2(g₁g₂ + f₁f₂) = c₁+c₂

⇒ 2(-k * -k + 0) = 6 + k

⇒ 2(k² + 0) = 6 + k

⇒ 2k² = 6 + k

⇒ -2k² + k + 6 = 0

⇒ 2k² - k - 6 = 0

⇒ 2k² + 3k - 4k - 6 = 0

⇒ k(2k + 3) - 2(2k + 3) = 0

⇒ (k - 2)(2k + 3) = 0

⇒ k = 2, -3/2

Hope it helps!

Answer 2

Hey Dear !

Answer :- a and d .

=) Let the equations of the two circles be:

the equations of the two circles be:x² + y² + 2g₁x + 2f₁y + c₁ = 0 and x² + y² + 2g₂x + 2f₂y + c₂ = 0.

the equations of the two circles be:x² + y² + 2g₁x + 2f₁y + c₁ = 0 and x² + y² + 2g₂x + 2f₂y + c₂ = 0.The two circles will intersect foursquare if 2g₁g₂ + 2f₁f₂ = c₁ + c₂.

if 2g₁g₂ + 2f₁f₂ = c₁ + c₂.Now ,

Given circles here :-

x² + y² + 2kx + 2y + 6 = 0

x² + y² + 2kx + 2y + 6 = 0x² + y² + 2kx + k = 0.
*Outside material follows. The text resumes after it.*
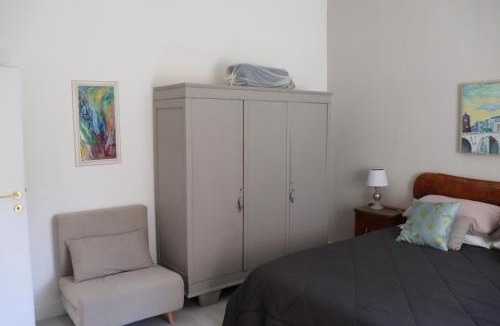 Zona XXXII Acilia Nord Apartment | LA CASETTA DORATA , tra città, mare e aeroporto, parcheggio privato incluso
x² + y² + 2kx + 2y + 6 = 0x² + y² + 2kx + k = 0.They intersect foursquare .

2g₁g₂ + 2f₁f₂ = c₁ + c₂

2g₁g₂ + 2f₁f₂ = c₁ + c₂2(g₁g₂ + f₁f₂) = c₁+c₂

2g₁g₂ + 2f₁f₂ = c₁ + c₂2(g₁g₂ + f₁f₂) = c₁+c₂⇒ 2(-k * -k + 0) = 6 + k

2g₁g₂ + 2f₁f₂ = c₁ + c₂2(g₁g₂ + f₁f₂) = c₁+c₂⇒ 2(-k * -k + 0) = 6 + k⇒ 2(k² + 0) = 6 + k

2g₁g₂ + 2f₁f₂ = c₁ + c₂2(g₁g₂ + f₁f₂) = c₁+c₂⇒ 2(-k * -k + 0) = 6 + k⇒ 2(k² + 0) = 6 + k⇒ 2k² = 6 + k

2g₁g₂ + 2f₁f₂ = c₁ + c₂2(g₁g₂ + f₁f₂) = c₁+c₂⇒ 2(-k * -k + 0) = 6 + k⇒ 2(k² + 0) = 6 + k⇒ 2k² = 6 + k⇒ -2k² + k + 6 = 0

2g₁g₂ + 2f₁f₂ = c₁ + c₂2(g₁g₂ + f₁f₂) = c₁+c₂⇒ 2(-k * -k + 0) = 6 + k⇒ 2(k² + 0) = 6 + k⇒ 2k² = 6 + k⇒ -2k² + k + 6 = 0⇒ 2k² - k - 6 = 0

2g₁g₂ + 2f₁f₂ = c₁ + c₂2(g₁g₂ + f₁f₂) = c₁+c₂⇒ 2(-k * -k + 0) = 6 + k⇒ 2(k² + 0) = 6 + k⇒ 2k² = 6 + k⇒ -2k² + k + 6 = 0⇒ 2k² - k - 6 = 0⇒ 2k² + 3k - 4k - 6 = 0

2g₁g₂ + 2f₁f₂ = c₁ + c₂2(g₁g₂ + f₁f₂) = c₁+c₂⇒ 2(-k * -k + 0) = 6 + k⇒ 2(k² + 0) = 6 + k⇒ 2k² = 6 + k⇒ -2k² + k + 6 = 0⇒ 2k² - k - 6 = 0⇒ 2k² + 3k - 4k - 6 = 0⇒ k(2k + 3) - 2(2k + 3) = 0

2g₁g₂ + 2f₁f₂ = c₁ + c₂2(g₁g₂ + f₁f₂) = c₁+c₂⇒ 2(-k * -k + 0) = 6 + k⇒ 2(k² + 0) = 6 + k⇒ 2k² = 6 + k⇒ -2k² + k + 6 = 0⇒ 2k² - k - 6 = 0⇒ 2k² + 3k - 4k - 6 = 0⇒ k(2k + 3) - 2(2k + 3) = 0⇒ (k - 2)(2k + 3) = 0

2g₁g₂ + 2f₁f₂ = c₁ + c₂2(g₁g₂ + f₁f₂) = c₁+c₂⇒ 2(-k * -k + 0) = 6 + k⇒ 2(k² + 0) = 6 + k⇒ 2k² = 6 + k⇒ -2k² + k + 6 = 0⇒ 2k² - k - 6 = 0⇒ 2k² + 3k - 4k - 6 = 0⇒ k(2k + 3) - 2(2k + 3) = 0⇒ (k - 2)(2k + 3) = 0⇒ k = 2 , -3/2 (ans.)